Au-delà du choc des images, soutenir la résistance palestinienne

Cher supporter indéfectible d’Israël, tu m’as demandé si je pourrais être amie avec un résistant palestinien qui use de son arme contre des civils. Voici ma réponse.

La réponse est non. Je ne pourrais pas être amie avec un humain qui colle une balle dans la tête d’un autre être humain non armé et sans défense, ou qui commet une autre atrocité du même genre. Peu importe ses souffrances passées et son vécu, peu importe la justesse de son combat, je ne pourrais pas copiner, aller boire des coups et me taper des barres avec un individu capable d’assassiner de sang froid. C’est une réaction épidermique, cela va au-delà de l’intellect, des convictions politiques.

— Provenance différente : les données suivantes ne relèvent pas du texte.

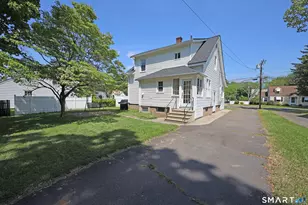 68 Campfield Rd, Manchester, CT 06040 - Photo 2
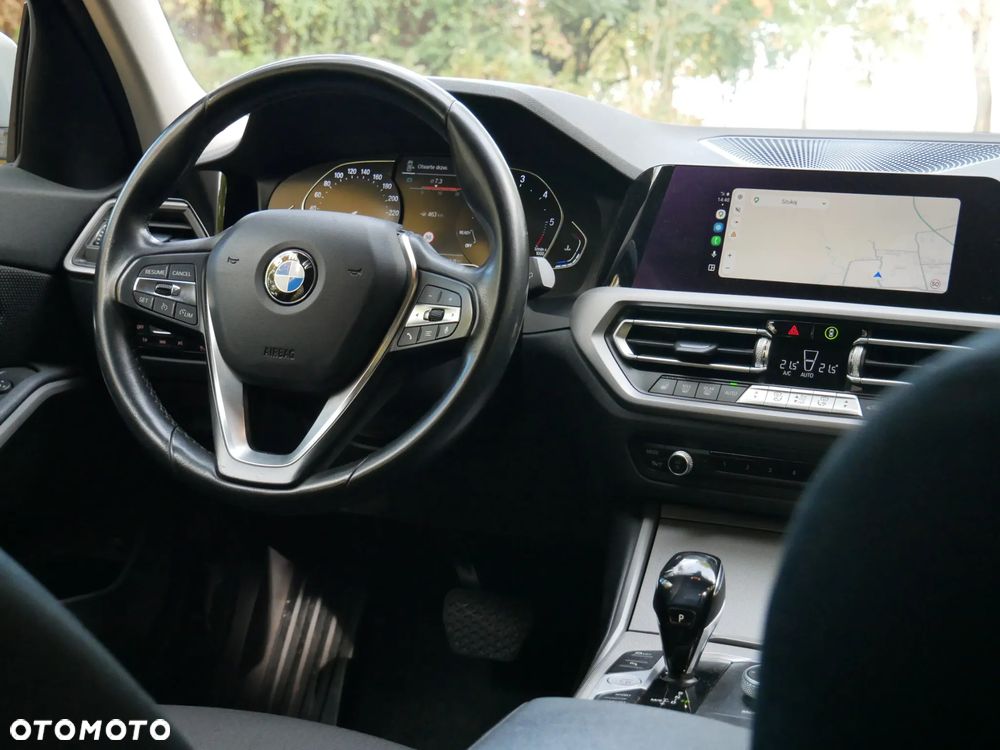 BMW Seria 3 - 35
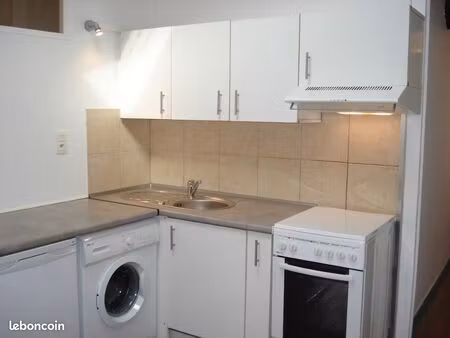 spécial étudiant(e) a louer f2 meublé bayonne centre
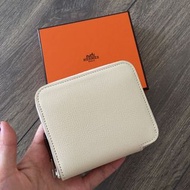 Hermes 奶昔白❌栗子色絲巾短夾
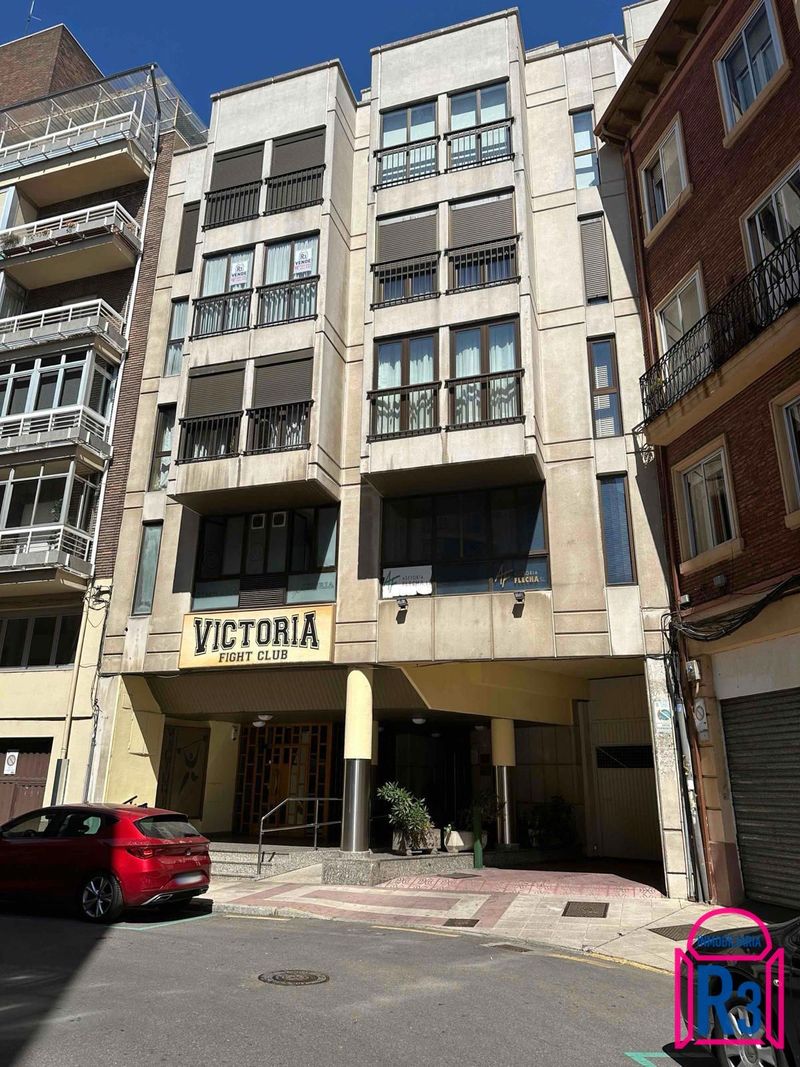 Piso en alquiler León. Ref: 19560. Inmobiliaria R3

Je ne pourrais pas devenir amie avec lui, mais j’essayerais de comprendre. Tenter d’imaginer ce que ça fait de naître dans une enclave où la vie semble avoir moins de valeur qu’ailleurs ; où il est si facile de perdre un copain de classe, son père, sa soeur, un oncle, ou un instituteur, tué.e dans un des nombreux bombardements que mène régulièrement l’armée israélienne. Entendre en permanence le bourdonnement des drones au-dessus de sa tête et savoir qu’à tout moment, l’enfer venu du ciel peut recommencer. Faire des études, mais n’avoir aucune perspective d’avenir. Car quand on vit sous blocus, on n’a pas le droit de rêver, juste de survivre. Servir de main-d’oeuvre sous-payée à une puissance occupante qui, en plus, ferme quand ça lui chante les points de passage qui permettent à cette même main-d’oeuvre de se rendre au travail, la privant de son unique moyen de subsistance.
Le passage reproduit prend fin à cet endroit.